When we start thinking optimistically, our mind becomes clear of all negative thoughts, and we start to see the world in a different light. One begins to stop lamenting and blaming self or others. We get in control of our emotions and try to seek a valuable lesson in every setback of life.
To be a good Zoroastrian is primarily about our attitude (which should be always positive), our values (of truth, righteousness, and fairness towards one and all), our charitable disposition, our love for food, drink and humour and all things good. It is about ‘living the religion’ instead of claiming to die for it. It is about being reasonable and balanced in approach – neither a right-wing fanatic nor a left-wing heretic. Researchers conclude that having a positive attitude and approach to life reduces stress, promotes good health and is generally responsible for happiness and wellbeing.

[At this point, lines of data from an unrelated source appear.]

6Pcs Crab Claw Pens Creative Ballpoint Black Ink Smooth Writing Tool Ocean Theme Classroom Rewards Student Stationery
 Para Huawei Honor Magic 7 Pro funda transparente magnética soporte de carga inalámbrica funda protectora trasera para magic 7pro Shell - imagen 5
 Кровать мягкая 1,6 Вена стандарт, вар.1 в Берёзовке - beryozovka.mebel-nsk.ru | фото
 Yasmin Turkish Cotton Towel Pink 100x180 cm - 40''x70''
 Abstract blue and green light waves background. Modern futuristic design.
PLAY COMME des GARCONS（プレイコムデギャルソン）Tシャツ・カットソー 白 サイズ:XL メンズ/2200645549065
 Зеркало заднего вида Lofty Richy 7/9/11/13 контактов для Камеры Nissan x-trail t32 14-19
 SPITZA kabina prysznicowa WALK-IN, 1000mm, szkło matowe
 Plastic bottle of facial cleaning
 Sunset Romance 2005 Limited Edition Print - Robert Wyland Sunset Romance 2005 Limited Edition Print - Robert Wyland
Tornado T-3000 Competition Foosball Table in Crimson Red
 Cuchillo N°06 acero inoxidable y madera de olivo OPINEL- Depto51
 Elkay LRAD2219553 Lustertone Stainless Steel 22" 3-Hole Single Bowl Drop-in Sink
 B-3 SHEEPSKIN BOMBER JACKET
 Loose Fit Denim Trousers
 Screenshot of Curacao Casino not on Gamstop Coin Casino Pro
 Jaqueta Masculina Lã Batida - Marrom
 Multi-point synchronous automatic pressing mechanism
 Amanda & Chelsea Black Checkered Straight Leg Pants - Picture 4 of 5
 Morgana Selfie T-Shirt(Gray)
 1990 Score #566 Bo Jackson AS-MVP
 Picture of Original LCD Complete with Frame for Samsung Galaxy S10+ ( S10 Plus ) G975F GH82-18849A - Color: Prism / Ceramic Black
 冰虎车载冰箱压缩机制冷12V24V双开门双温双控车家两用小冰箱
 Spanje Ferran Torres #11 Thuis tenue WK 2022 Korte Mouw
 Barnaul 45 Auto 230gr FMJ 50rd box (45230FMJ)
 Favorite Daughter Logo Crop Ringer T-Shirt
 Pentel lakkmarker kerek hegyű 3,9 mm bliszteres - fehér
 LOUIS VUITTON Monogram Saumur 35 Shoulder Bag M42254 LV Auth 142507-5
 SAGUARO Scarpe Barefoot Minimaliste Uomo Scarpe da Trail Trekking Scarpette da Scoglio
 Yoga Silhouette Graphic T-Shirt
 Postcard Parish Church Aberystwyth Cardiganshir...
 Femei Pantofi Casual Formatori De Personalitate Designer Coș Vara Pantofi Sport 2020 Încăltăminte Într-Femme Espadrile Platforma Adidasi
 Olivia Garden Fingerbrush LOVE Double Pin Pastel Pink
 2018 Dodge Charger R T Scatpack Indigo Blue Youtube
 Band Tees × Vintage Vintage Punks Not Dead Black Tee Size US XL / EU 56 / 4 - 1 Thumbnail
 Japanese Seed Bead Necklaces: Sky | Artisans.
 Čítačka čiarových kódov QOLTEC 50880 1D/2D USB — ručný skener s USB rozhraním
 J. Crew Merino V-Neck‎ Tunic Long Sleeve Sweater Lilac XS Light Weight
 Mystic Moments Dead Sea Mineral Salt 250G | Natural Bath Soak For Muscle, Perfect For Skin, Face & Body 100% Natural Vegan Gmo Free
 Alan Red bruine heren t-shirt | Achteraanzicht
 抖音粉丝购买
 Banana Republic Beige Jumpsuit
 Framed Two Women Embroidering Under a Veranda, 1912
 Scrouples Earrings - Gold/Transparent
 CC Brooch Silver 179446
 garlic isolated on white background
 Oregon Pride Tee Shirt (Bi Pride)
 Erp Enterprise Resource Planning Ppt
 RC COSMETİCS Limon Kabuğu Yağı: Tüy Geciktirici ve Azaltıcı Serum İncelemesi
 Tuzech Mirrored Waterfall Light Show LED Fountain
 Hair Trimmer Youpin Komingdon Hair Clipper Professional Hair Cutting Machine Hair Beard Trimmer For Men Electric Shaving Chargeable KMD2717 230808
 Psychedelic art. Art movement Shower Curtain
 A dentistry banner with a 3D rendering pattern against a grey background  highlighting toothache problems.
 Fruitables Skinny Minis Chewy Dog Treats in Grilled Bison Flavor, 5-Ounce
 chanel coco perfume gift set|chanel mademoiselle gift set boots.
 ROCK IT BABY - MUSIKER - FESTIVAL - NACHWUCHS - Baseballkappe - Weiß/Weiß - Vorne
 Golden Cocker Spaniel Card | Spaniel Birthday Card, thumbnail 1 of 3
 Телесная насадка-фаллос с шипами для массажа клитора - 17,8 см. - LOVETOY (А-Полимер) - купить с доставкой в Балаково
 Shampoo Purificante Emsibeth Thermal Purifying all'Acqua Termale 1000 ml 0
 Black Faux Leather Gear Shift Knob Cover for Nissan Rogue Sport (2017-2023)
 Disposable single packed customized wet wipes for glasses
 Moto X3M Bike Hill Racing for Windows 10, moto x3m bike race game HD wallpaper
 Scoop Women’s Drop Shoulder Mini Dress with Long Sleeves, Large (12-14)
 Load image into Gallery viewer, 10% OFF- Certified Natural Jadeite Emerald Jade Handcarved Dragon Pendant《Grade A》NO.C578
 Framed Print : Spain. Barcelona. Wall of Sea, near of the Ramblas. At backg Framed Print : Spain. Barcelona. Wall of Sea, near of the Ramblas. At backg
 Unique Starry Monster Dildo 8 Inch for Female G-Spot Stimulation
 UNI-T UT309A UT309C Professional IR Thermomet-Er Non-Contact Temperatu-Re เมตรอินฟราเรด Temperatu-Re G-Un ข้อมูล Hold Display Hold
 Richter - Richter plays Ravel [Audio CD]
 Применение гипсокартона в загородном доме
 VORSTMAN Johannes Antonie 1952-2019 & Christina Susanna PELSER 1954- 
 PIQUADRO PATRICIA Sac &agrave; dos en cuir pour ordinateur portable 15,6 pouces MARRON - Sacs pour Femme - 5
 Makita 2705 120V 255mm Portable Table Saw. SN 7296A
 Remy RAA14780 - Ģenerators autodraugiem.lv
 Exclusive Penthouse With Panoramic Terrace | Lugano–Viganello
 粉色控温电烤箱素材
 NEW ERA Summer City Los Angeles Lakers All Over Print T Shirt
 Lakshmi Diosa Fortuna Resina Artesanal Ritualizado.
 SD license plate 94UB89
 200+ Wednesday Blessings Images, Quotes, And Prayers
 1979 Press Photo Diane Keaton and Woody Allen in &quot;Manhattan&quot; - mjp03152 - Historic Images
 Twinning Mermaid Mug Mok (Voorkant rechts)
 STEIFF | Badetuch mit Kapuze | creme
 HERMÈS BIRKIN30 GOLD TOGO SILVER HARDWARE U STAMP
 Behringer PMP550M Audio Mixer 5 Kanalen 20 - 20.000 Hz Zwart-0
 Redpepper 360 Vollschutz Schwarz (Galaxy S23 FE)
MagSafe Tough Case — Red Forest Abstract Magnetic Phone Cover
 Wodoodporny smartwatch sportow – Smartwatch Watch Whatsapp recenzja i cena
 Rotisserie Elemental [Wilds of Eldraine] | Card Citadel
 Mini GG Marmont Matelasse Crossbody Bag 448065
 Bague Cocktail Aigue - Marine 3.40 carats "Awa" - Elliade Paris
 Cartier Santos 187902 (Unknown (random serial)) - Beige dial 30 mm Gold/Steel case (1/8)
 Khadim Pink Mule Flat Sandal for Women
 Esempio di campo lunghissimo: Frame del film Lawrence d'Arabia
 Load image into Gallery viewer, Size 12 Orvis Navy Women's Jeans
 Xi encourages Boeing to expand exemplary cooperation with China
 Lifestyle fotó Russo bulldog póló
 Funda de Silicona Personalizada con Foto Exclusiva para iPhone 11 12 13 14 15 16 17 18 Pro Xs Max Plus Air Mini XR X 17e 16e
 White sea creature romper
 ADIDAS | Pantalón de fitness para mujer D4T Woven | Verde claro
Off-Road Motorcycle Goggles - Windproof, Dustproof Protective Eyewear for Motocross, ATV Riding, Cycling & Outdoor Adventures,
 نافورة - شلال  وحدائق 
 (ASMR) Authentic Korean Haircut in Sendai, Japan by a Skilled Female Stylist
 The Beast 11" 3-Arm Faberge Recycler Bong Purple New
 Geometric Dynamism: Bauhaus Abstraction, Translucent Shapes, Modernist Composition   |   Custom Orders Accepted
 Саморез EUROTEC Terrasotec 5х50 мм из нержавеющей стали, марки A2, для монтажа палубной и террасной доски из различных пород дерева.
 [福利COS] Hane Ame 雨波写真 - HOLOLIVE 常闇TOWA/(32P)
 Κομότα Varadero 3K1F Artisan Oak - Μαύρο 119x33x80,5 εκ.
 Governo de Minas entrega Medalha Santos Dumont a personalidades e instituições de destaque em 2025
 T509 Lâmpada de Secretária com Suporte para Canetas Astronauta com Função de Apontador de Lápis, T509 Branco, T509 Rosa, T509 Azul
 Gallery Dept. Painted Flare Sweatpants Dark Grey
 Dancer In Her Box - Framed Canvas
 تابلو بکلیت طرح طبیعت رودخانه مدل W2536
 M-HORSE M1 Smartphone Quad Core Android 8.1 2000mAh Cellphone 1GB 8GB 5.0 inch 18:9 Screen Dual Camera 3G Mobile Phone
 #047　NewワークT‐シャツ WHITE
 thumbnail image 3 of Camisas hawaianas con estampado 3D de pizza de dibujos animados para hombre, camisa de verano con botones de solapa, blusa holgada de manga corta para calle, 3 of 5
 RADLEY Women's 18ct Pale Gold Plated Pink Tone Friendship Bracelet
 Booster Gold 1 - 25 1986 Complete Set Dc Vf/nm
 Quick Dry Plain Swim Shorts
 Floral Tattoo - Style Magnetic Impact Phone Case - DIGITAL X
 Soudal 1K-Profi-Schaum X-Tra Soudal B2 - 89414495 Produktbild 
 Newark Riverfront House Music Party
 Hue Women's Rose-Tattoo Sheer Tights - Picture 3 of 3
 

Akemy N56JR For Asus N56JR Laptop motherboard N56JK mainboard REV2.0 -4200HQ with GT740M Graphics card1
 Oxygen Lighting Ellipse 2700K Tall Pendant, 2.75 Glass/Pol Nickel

Living The Zoroastrian Way
What does it mean to be a Zoroastrian? What exactly is the Zoroastrian way of life and living? Let us delve into some of our scriptures to get answers. It is said that Zarathushtra had his first vision of Ahura Mazda on Roj Dae-pa-Meher, Mah Ardibehest. According to the Pahlavi text, Zarathusht Nameh, Zarathushtra asked Ahura Mazda a question (the very first question) and in the answer that he received from Ahura Mazda, one may find an excellent summary of what being a good Zoroastrian really means. The question was: “Who is the best person among all people in the world?” And, Ahura Mazda answered, “He who walks on the path of Asha (Righteousness); is charitable; is just; reveres fire; water and is kind even to animals.” This is the very essence of living the Zoroastrian way of life.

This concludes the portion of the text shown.